Task to complete ▸ Excluding pictures, retype the line with "BSGP 1 x Edelstahl-Eierköpfer, Schalenöffner, gekochtes" and each line that follows it to the end of the data below, word for word.
<<<<
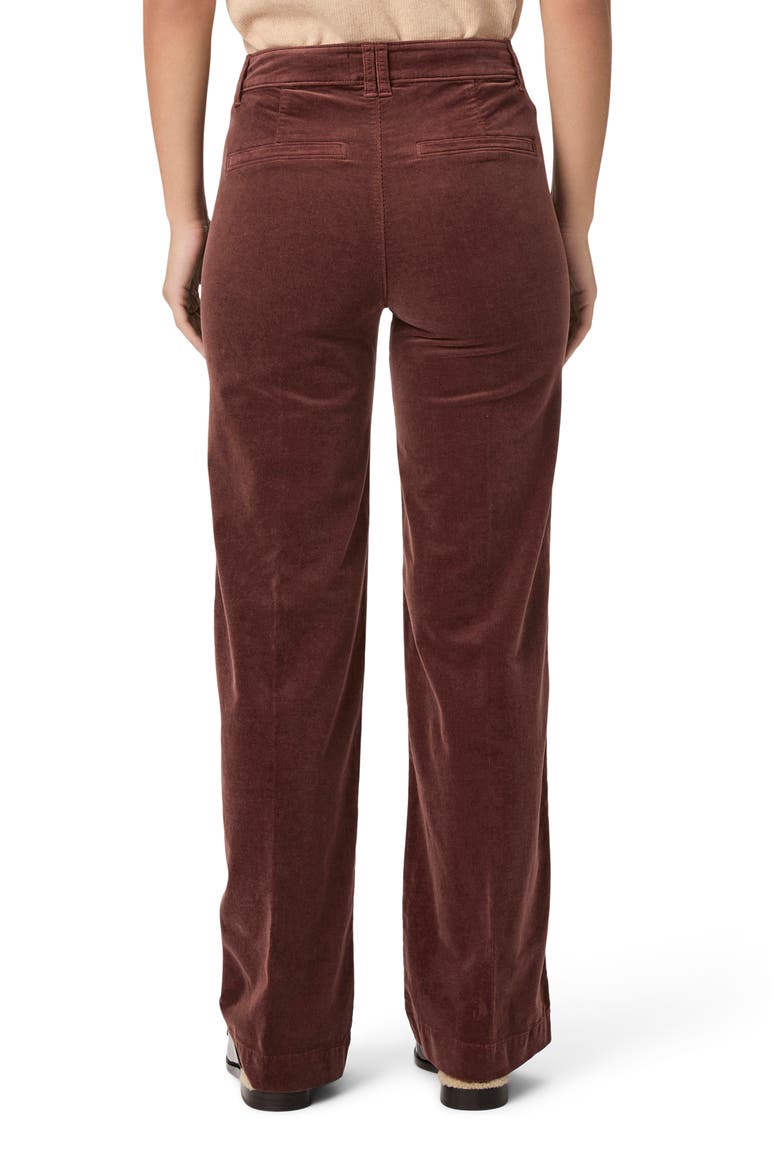 Sasha Corduroy High Waist Straight Leg Pants, Alternate, color, LANDSLIDE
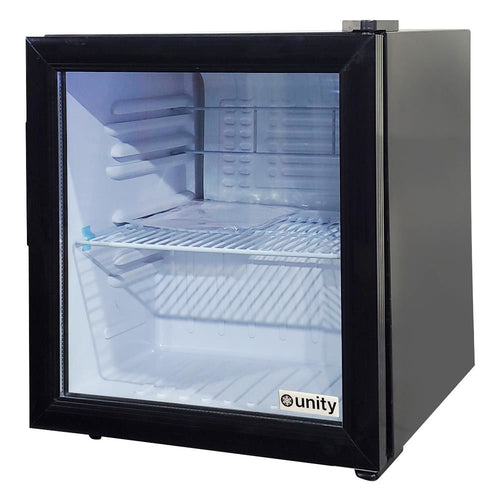 Unity U-CR1 17" Black Countertop Display Refrigerated Merchandiser - 1.8 cu ft.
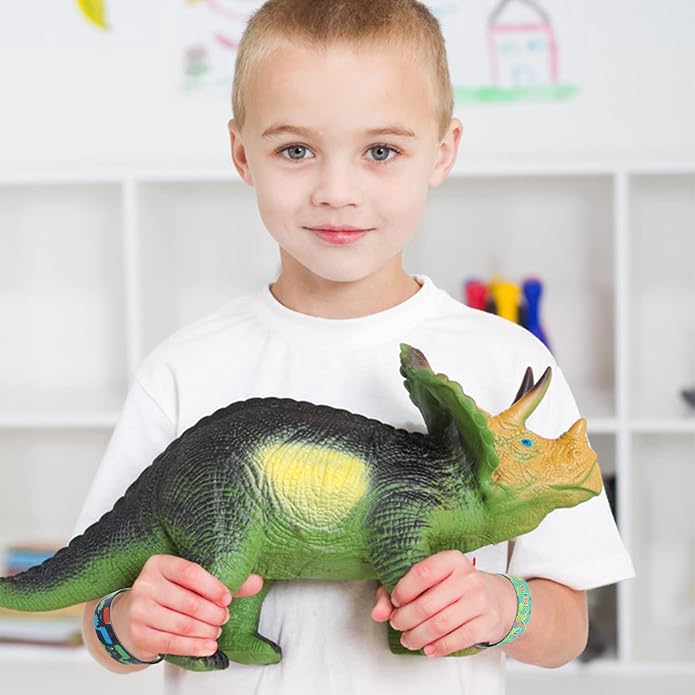 DERAYEE 24 Pcs Dinosaur Slap Bracelets for Kids, Jurassic Forest World theme Snap Bands Toy Gift Party Favor Supplies for Dino Party Bag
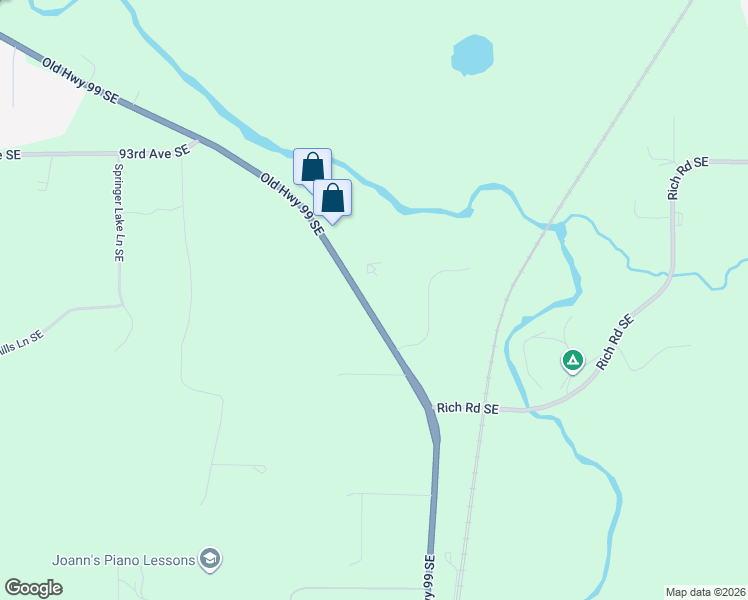 map of restaurants, bars, coffee shops, grocery stores, and more near 9604 Old Highway 99 Southeast in Olympia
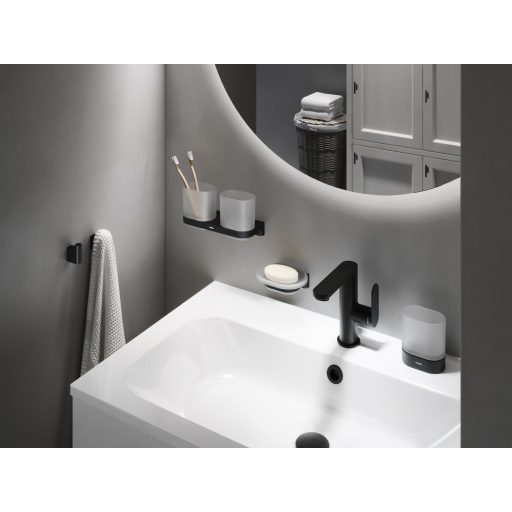 Chrome CR II 200.20BLM szappantartó tálkával, matt fekete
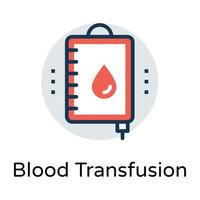 Trendy Blood Transfusion vector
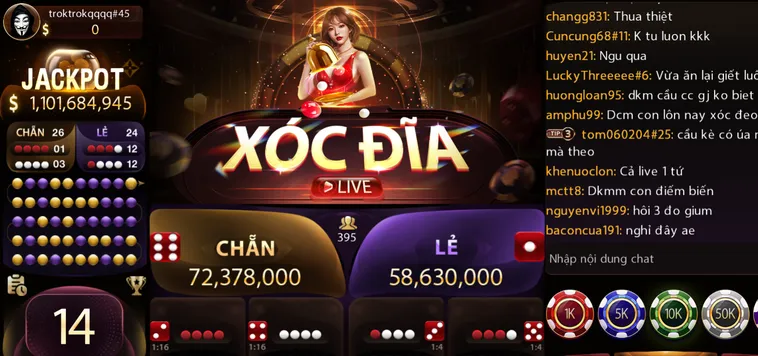 Xóc Đĩa Live Tại RikBet Đấu Trường Săn Thưởng Kịch Tính Với Dealer Xinh Đẹp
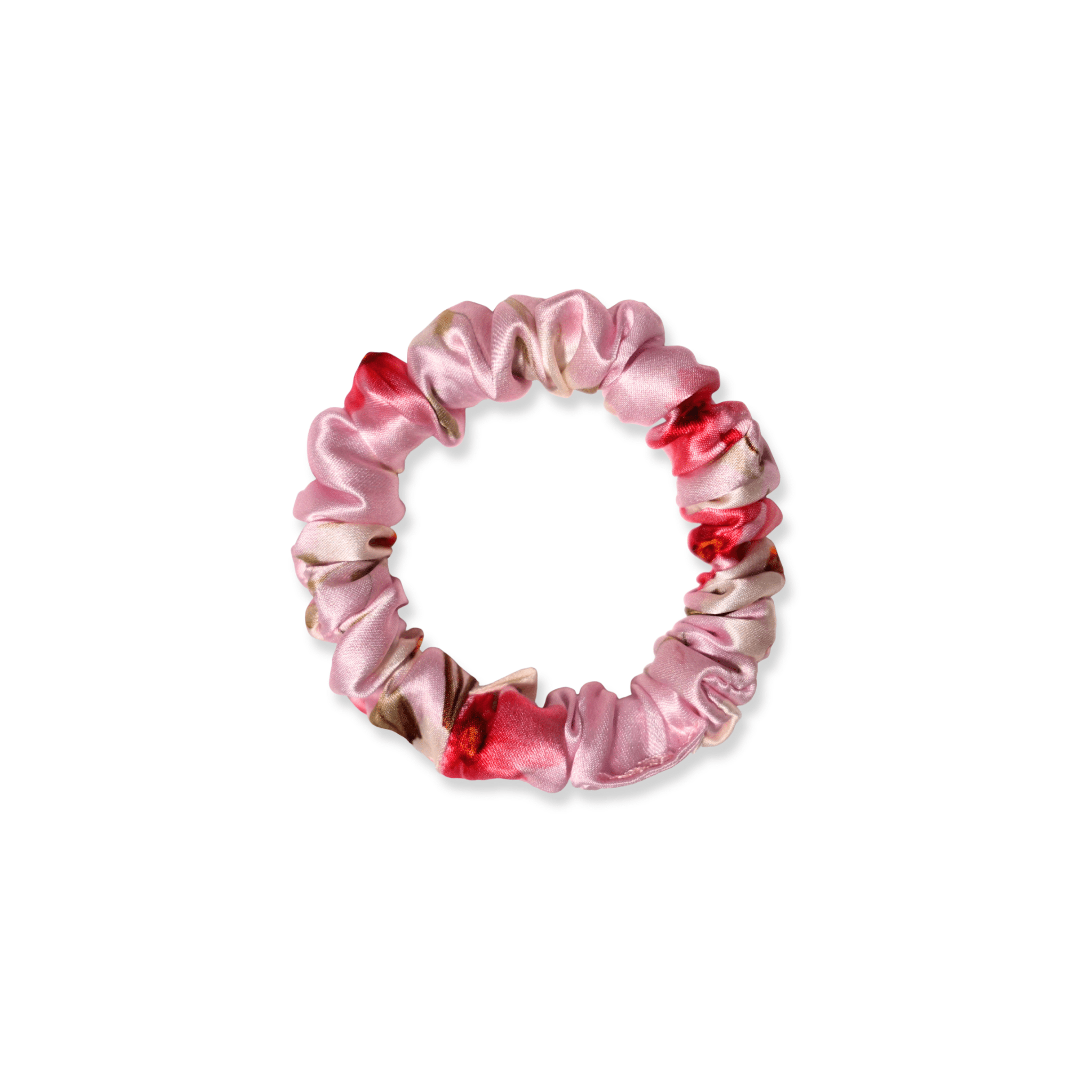NOCHKA Cherry Blossom Print of Silk Scrunchies – Ultra Thin, Skinny, Regular & Jumbo - NOCHKA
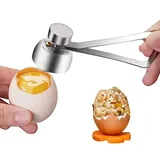 BSGP 1 x Edelstahl-Eierköpfer, Schalenöffner, gekochtes rohes Ei, offene Schere, Werkzeug für Zuhause, Küche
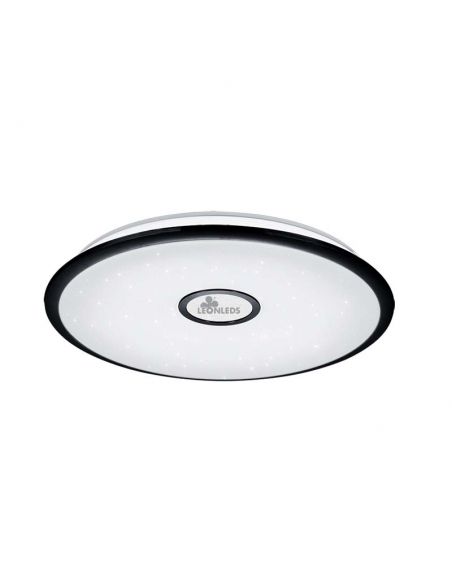 Plafón LED negro con mando a distancia 50W Okinawa Trio Lighting 629090101 | LeonLeds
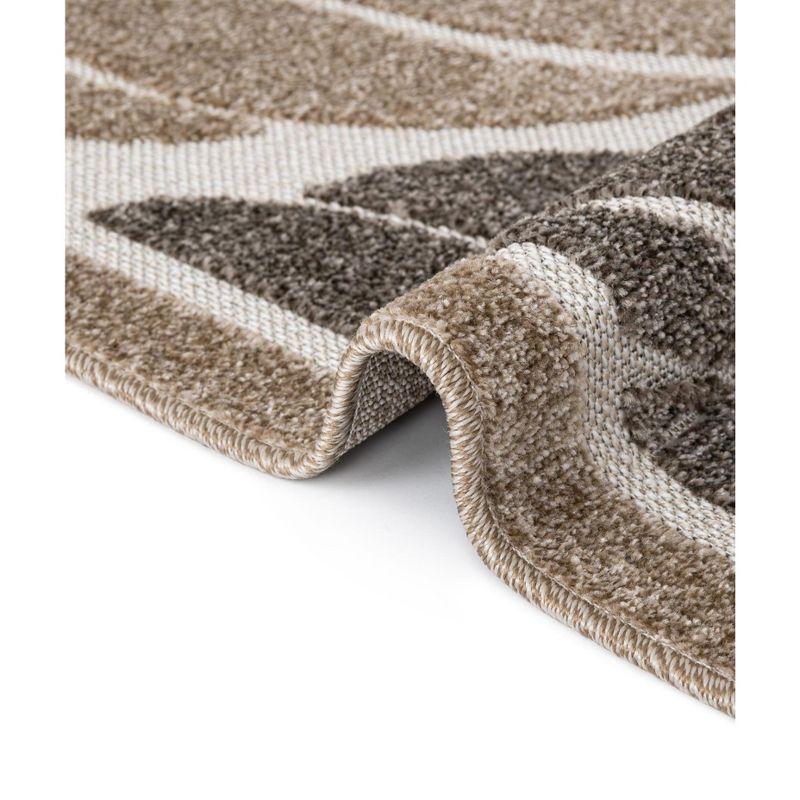 Unique Loom 6' 1 x 9' 0 Beige Outdoor Botanical Augusta Area Rug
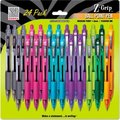 Zebra Pen Zebra Z-Grip Retractable Ballpoint Pen, Assorted Ink, Medium Point, 24/Pack 12271
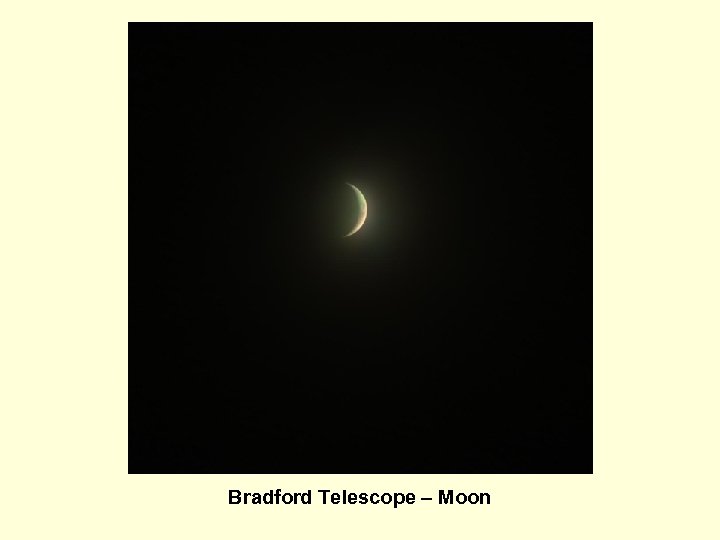 Bradford Telescope – Moon 
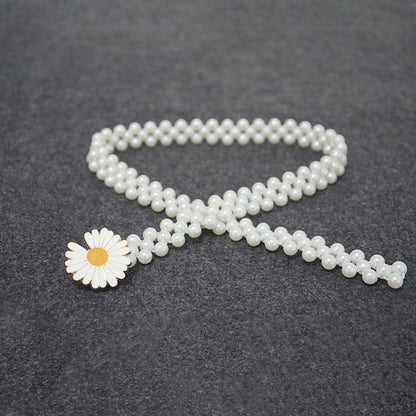 Daisy pearl decorative belt
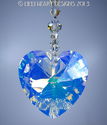 m/w Swarovski Crystal 40mm AB HUGE Heart + 10 Litt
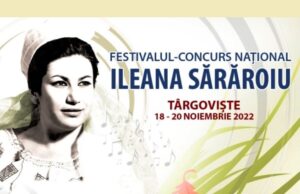 Festivalul – Concurs Național ”Ileana Sărăroiu” a ajuns la ediția a IX-a. Citește aici regulamentul și, dacă ai talent, înscrie-te și tu!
>>>>
The completed task ▸
 BSGP 1 x Edelstahl-Eierköpfer, Schalenöffner, gekochtes rohes Ei, offene Schere, Werkzeug für Zuhause, Küche
 Plafón LED negro con mando a distancia 50W Okinawa Trio Lighting 629090101 | LeonLeds
 Unique Loom 6' 1 x 9' 0 Beige Outdoor Botanical Augusta Area Rug
 Zebra Pen Zebra Z-Grip Retractable Ballpoint Pen, Assorted Ink, Medium Point, 24/Pack 12271
 Bradford Telescope – Moon 
 Daisy pearl decorative belt
 m/w Swarovski Crystal 40mm AB HUGE Heart + 10 Litt
 Festivalul – Concurs Național ”Ileana Sărăroiu” a ajuns la ediția a IX-a. Citește aici regulamentul și, dacă ai talent, înscrie-te și tu!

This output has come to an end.